Google Penalizes Web Pages With Too Many Ads "Above The Fold" | Google Penalty World |

From the article: "Similar to how last year’s Panda Update works, Google is examining sites it finds and effectively tagging them as being too ad-heavy or not.

If you’re tagged that way, you get a ranking decrease attached to your entire site (not just particular pages) as part of today’s launch.

If you reduce ads above-the-fold, the penalty doesn’t instantly disappear. Instead, Google will make note of it when it next visits your site. But it can take several weeks until Google’s “push” or “update” until the new changes it has found are integrated into its overall ranking system, effectively removing penalties from sites that have changed and adding them to new ones that have been caught."

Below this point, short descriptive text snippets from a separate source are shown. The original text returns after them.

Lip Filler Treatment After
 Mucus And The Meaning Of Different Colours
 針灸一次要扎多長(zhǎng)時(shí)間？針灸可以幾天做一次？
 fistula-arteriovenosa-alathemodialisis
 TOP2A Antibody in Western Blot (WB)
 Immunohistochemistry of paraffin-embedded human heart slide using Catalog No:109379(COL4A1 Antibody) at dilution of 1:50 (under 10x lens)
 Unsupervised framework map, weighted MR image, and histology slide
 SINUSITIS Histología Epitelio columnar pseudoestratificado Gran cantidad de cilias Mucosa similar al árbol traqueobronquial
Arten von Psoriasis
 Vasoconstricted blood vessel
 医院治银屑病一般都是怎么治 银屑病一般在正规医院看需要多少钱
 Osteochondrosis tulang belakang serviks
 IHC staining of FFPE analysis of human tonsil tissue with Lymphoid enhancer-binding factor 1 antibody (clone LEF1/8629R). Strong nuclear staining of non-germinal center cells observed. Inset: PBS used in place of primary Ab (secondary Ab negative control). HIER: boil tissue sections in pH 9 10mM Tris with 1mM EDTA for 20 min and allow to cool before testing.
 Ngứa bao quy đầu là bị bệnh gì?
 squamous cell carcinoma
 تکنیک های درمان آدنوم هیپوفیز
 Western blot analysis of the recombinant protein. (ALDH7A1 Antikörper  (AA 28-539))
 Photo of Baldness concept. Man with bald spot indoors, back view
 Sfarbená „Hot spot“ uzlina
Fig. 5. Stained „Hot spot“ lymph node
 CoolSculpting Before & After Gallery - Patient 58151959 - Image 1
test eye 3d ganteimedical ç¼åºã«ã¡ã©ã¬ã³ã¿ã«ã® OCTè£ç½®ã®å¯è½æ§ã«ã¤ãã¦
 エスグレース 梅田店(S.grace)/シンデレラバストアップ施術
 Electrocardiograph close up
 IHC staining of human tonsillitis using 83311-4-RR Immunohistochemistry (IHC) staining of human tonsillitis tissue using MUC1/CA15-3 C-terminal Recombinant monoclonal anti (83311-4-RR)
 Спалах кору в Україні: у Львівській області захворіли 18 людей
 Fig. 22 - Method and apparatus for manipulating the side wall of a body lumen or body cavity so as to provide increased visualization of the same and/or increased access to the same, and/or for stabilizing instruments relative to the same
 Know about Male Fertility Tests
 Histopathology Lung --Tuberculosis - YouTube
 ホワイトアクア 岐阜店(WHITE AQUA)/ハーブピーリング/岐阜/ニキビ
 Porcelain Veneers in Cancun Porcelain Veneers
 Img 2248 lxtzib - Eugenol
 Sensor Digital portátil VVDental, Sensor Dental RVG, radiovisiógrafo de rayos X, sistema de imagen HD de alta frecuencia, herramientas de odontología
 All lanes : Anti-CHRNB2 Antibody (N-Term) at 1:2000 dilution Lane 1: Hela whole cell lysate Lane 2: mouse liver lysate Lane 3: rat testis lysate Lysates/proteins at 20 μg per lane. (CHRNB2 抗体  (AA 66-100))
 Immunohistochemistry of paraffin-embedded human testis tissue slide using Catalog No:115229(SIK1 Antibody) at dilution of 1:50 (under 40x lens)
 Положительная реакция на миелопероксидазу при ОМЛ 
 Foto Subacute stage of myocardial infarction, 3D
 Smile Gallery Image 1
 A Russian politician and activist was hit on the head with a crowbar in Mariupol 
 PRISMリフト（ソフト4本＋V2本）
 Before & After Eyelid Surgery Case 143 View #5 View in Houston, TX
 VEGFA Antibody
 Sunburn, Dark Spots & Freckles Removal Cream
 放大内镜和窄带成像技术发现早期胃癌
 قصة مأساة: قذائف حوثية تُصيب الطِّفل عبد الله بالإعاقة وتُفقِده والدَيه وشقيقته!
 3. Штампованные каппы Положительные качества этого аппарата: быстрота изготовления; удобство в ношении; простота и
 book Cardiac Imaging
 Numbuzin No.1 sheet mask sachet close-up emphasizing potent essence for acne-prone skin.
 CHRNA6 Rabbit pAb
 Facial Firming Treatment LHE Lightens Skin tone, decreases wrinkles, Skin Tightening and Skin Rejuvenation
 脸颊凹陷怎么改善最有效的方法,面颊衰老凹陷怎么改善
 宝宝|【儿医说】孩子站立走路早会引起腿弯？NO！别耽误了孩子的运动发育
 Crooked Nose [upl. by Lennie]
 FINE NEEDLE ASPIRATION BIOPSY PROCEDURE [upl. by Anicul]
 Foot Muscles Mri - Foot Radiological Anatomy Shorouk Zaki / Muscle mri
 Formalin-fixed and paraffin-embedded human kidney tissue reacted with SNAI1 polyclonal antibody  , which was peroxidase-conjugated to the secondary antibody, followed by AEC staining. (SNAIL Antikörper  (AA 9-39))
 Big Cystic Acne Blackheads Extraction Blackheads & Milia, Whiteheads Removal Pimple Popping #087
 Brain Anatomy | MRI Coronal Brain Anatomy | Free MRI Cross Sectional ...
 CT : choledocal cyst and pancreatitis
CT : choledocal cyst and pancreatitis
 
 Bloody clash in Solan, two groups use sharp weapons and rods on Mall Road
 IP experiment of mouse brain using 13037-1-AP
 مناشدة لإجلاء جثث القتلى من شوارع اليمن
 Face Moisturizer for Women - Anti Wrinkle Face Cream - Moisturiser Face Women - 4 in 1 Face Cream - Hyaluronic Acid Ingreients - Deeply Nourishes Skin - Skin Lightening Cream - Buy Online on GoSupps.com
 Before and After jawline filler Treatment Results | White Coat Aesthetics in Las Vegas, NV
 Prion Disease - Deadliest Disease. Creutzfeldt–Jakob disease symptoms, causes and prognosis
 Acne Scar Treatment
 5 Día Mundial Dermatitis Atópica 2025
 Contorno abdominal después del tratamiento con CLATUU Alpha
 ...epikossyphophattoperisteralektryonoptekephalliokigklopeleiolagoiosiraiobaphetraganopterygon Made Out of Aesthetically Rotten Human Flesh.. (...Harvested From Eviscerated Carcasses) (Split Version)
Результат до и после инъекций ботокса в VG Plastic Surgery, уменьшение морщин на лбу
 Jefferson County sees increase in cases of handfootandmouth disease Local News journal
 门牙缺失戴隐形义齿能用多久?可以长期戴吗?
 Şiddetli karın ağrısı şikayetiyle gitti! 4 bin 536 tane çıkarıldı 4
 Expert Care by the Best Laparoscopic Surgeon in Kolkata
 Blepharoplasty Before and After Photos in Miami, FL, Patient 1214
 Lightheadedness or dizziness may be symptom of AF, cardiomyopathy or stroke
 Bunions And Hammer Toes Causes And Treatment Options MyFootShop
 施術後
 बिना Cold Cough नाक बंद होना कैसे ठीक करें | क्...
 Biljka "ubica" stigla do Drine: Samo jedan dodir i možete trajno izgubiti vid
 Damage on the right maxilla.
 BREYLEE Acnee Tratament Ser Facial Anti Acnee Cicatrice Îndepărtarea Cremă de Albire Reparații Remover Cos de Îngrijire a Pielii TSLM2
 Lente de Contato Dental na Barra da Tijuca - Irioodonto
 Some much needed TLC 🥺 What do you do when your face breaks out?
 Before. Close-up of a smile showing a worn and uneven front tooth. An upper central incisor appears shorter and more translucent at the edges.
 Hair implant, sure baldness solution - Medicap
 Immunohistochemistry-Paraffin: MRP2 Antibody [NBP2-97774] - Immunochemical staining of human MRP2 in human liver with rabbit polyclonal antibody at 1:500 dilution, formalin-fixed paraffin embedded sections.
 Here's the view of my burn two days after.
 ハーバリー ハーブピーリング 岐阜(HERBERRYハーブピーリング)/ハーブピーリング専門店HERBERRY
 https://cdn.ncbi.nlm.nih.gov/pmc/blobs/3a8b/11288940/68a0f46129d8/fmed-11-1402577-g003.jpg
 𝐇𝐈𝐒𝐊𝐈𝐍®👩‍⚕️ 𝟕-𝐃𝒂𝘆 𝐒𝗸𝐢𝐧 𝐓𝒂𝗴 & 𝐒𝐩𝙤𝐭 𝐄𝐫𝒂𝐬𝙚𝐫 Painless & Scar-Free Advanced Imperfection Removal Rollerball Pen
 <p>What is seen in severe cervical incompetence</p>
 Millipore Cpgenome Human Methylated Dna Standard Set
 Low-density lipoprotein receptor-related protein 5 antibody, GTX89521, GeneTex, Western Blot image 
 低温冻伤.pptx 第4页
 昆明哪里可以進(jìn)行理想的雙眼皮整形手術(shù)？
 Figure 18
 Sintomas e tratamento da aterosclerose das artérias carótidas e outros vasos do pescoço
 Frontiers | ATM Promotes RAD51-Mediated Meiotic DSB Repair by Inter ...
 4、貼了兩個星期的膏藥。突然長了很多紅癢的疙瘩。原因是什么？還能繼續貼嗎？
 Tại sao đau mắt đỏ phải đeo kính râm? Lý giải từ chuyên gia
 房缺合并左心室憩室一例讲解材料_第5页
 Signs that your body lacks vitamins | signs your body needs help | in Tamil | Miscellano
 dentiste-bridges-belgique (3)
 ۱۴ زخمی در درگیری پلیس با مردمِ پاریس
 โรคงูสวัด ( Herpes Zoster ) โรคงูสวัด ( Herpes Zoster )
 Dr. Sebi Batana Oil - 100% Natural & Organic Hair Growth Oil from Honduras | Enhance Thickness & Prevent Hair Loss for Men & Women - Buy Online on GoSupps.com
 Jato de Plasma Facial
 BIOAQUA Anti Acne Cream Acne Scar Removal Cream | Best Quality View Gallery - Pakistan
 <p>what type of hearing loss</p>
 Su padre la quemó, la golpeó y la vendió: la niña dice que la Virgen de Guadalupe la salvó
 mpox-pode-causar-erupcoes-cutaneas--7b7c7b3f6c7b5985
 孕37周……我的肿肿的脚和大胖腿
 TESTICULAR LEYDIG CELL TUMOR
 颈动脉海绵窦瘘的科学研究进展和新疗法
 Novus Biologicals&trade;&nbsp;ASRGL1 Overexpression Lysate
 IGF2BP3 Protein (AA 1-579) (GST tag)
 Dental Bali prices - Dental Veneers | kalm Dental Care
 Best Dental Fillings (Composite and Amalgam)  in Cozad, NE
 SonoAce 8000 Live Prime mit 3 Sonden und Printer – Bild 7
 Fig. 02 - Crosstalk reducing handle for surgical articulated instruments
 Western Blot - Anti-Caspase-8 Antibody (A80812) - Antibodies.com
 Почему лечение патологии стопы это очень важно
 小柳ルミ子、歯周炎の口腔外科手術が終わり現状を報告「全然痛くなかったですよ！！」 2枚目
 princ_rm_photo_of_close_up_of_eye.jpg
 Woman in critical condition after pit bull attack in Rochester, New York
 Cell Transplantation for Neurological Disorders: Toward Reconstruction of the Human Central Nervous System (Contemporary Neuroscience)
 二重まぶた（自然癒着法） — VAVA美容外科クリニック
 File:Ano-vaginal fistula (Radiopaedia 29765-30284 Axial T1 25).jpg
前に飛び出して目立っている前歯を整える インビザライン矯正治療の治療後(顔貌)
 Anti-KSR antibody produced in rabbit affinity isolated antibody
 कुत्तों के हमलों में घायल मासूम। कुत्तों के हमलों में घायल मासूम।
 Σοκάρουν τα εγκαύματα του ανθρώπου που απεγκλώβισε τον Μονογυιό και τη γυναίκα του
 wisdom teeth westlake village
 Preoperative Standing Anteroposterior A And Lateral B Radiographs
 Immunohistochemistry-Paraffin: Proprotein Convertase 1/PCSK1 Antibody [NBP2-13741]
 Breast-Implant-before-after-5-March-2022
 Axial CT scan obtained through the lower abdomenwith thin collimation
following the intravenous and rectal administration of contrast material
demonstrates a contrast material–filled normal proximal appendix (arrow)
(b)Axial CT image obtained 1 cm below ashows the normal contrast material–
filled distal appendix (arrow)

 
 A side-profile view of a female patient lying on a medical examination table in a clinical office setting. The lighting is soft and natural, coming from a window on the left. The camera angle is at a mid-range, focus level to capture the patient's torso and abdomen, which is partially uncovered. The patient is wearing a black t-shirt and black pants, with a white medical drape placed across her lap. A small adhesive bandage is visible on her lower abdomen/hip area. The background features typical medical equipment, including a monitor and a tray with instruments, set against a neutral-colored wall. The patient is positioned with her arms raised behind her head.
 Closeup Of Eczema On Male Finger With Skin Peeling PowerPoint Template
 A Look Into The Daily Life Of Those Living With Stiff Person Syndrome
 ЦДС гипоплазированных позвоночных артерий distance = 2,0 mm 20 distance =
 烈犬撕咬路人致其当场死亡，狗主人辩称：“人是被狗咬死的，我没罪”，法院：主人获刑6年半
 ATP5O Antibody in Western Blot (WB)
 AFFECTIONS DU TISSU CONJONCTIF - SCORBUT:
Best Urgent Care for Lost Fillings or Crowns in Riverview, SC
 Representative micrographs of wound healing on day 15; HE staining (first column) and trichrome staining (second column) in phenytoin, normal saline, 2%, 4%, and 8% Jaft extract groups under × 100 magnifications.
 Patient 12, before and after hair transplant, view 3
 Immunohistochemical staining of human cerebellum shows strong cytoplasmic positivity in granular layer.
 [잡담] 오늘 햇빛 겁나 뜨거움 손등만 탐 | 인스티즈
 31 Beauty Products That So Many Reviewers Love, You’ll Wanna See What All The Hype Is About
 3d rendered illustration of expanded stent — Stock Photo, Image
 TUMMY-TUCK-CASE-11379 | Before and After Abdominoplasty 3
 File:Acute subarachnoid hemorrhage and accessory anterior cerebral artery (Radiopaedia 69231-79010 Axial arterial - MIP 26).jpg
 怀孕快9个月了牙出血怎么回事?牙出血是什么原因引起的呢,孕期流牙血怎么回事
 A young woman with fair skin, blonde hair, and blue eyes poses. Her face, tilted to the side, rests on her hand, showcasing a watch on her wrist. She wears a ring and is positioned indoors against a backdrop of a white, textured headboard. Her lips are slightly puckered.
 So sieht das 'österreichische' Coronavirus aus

From Google’s post on its Inside Search blog yesterday:

"We’ve heard complaints from users that if they click on a result and it’s difficult to find the actual content, they aren’t happy with the experience.

Rather than scrolling down the page past a slew of ads, users want to see content right away.

So sites that don’t have much content “above-the-fold” can be affected by this change. If you click on a website and the part of the website you see first either doesn’t have a lot of visible content above-the-fold or dedicates a large fraction of the site’s initial screen real estate to ads, that’s not a very good user experience.

Such sites may not rank as highly going forward.

Google also posted the same information to its Google Webmaster Central blog."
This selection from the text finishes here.